Since the Republicans have not offered legislation to reduce Medicare spending, their contribution to this part of the discussion was mainly to criticize the Democratic proposals. Rep. Paul Ryan (R-WI) led off with a dizzying critique of the Democrats’ deficit reduction math, noting, for example, that the Center for Medicare and Medicaid Services (CMS) Actuary report was less sanguine than the CBO about the cost of the bill and that the Democrats’ budget numbers do not include the sustainable growth rate fix, which everyone agrees must happen. This led to a challenge from Rep. Xavier Becerra (D-CA), who called Ryan out on whether he accepted the CBO’s judgment, observing that if there was no agreement to the CBO as a referee, the business of Congress could not be done. Ryan claimed he was not challenging the CBO, only the Democrats’ math. Sen. Chuck Grassley (R-IA) followed on, pointing out, as have others, that the Democrats cannot claim the Medicare savings both as reducing the Medicare trust fund deficit and as a funding source for coverage expansions.
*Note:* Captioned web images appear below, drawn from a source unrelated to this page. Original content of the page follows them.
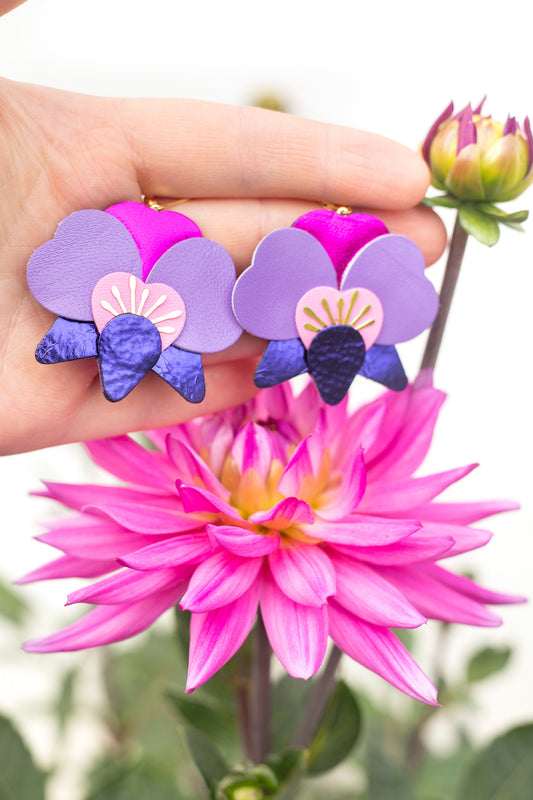 Boucles d’oreilles Orchidées - violet, rose, mauve, fuchsia
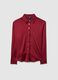 Red Satin Regular Fit Shirt with Buttons_4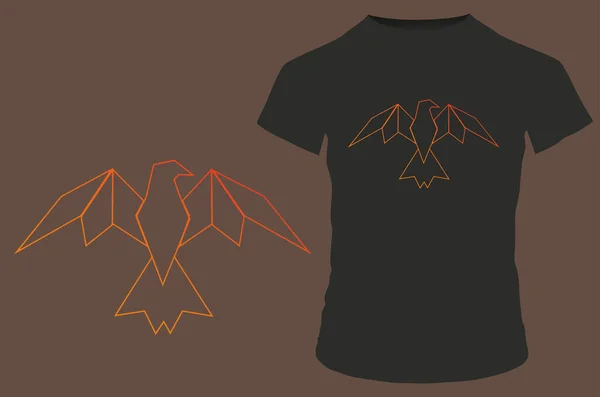 Abstraktes Shirt Design Mit Vogel — Stockvektor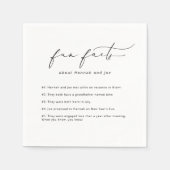 Spaß Fakten Moderne elegante Kalligraphie Hochzeit Serviette (Vorderseite)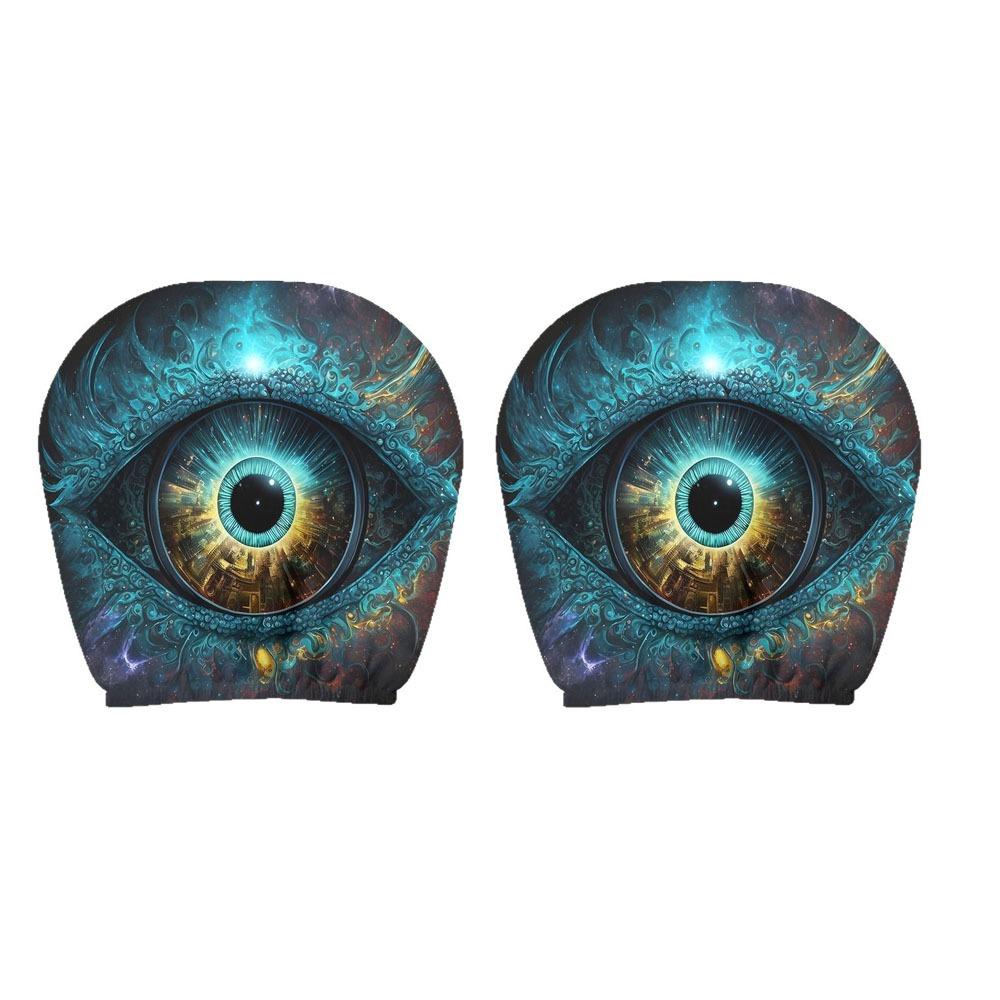 2 Pcs Ghost Headrest Covers 2D Stretch Neck Pillowcase Terrifying Car Interior Decor Universal Fit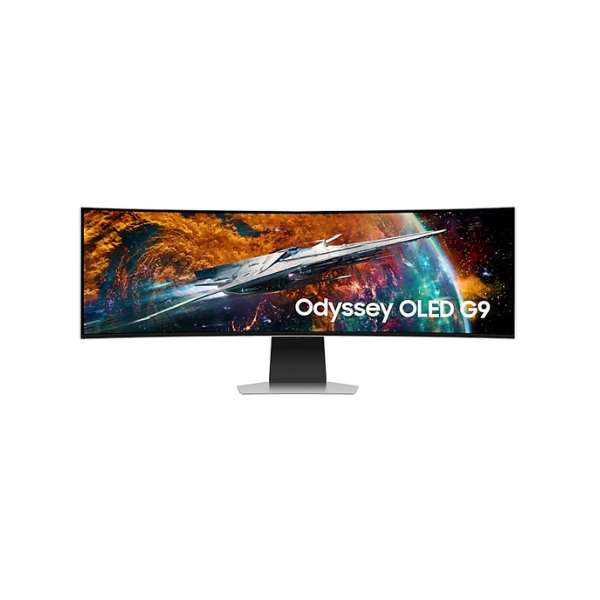 شاشة سامسونج LS49CG954SMXUE Odyssey OLED G9 G95SC منحنية مقاس 49 بوصة DQHD (5120 × 1440)، 0.03 مللي ثانية، 240 هرتز، HDMI، منفذ عرض DP، ارتفاع/إمالة، قابلة للتعديل، فضي، ضمان 3 سنوات | LS49CG954SMXUE
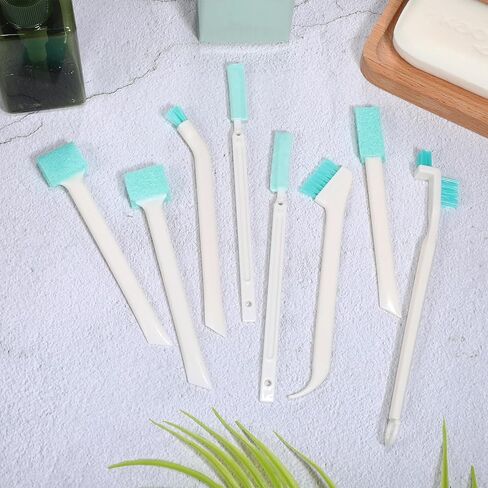 مجموعة فرش تنظيف الشقوق، 8 قطع من فرش تنظيف الأخدود المنزلية ودش الاستحمام، أدوات تنظيف صغيرة متعددة الوظائف للجص والستائر وصيانة الزجاجة in Kuwait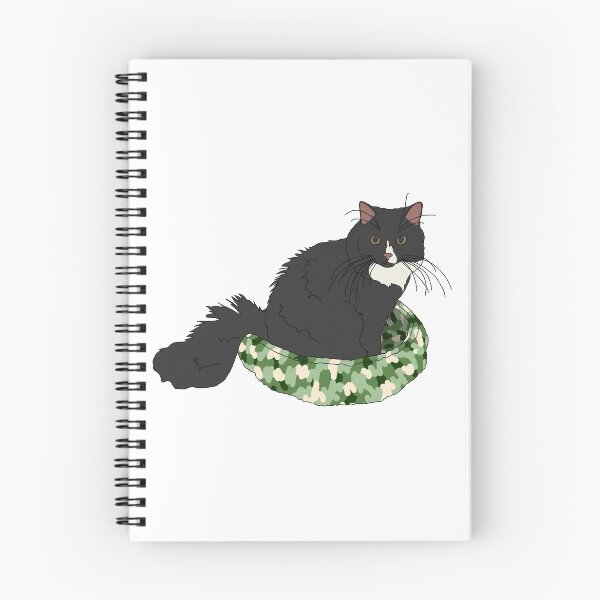 Item preview, Cat in Green Bed (Black and White) designed and sold by nklange240.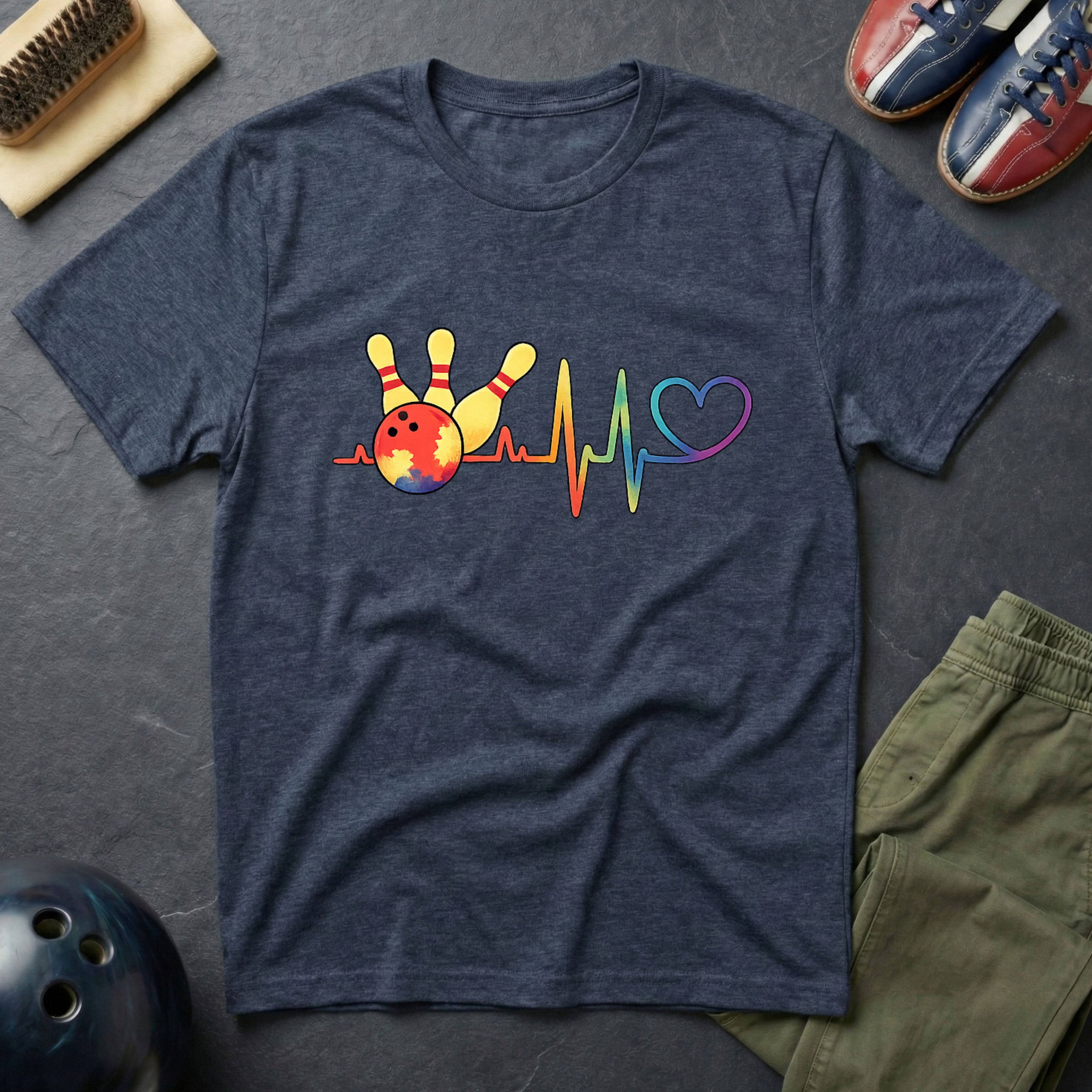 Colorful Bowling Heartbeat T-Shirt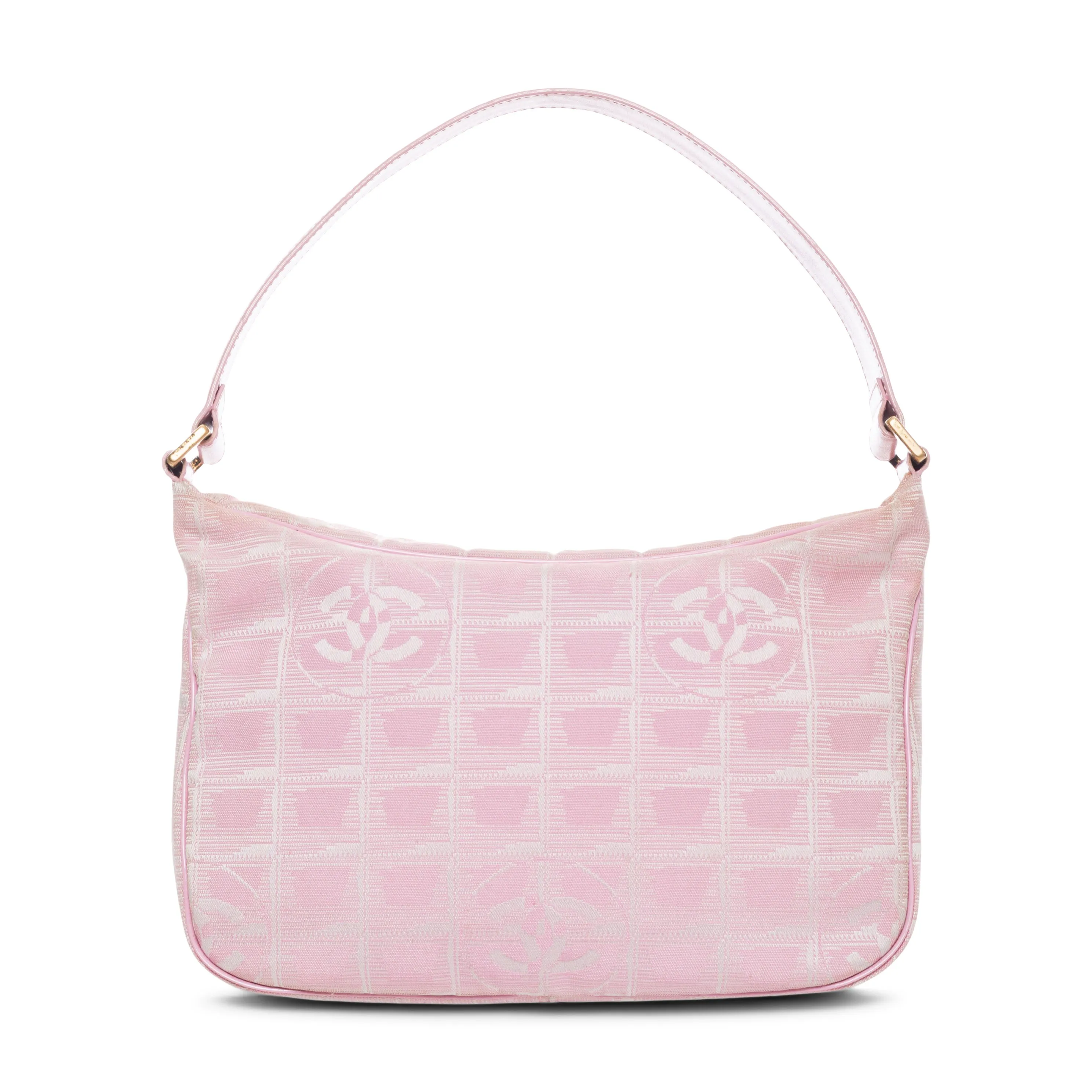 2000s Travel Line Pink Nylon Jacquard CC Shoulder Bag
As the Medicare discussion progressed, the Republicans tried to focus on the effect that the cuts were likely to have on Medicare beneficiaries and providers. The Democrats, on the other hand, pushed the Republicans on the need to make hard choices if the deficit is going to be confronted. Rep. Jim Cooper (D-TN) and Sen. Kent Conrad (D-ND) were particularly eloquent on this point. President Obama pushed the Republicans on whether they could defend the fact that we spend 14 percent more on Medicare Advantage than on traditional Medicare for the same benefits, increasing not only the cost to the taxpayers but also the Part B premiums of beneficiaries who are not in MA plans. Their response was not convincing.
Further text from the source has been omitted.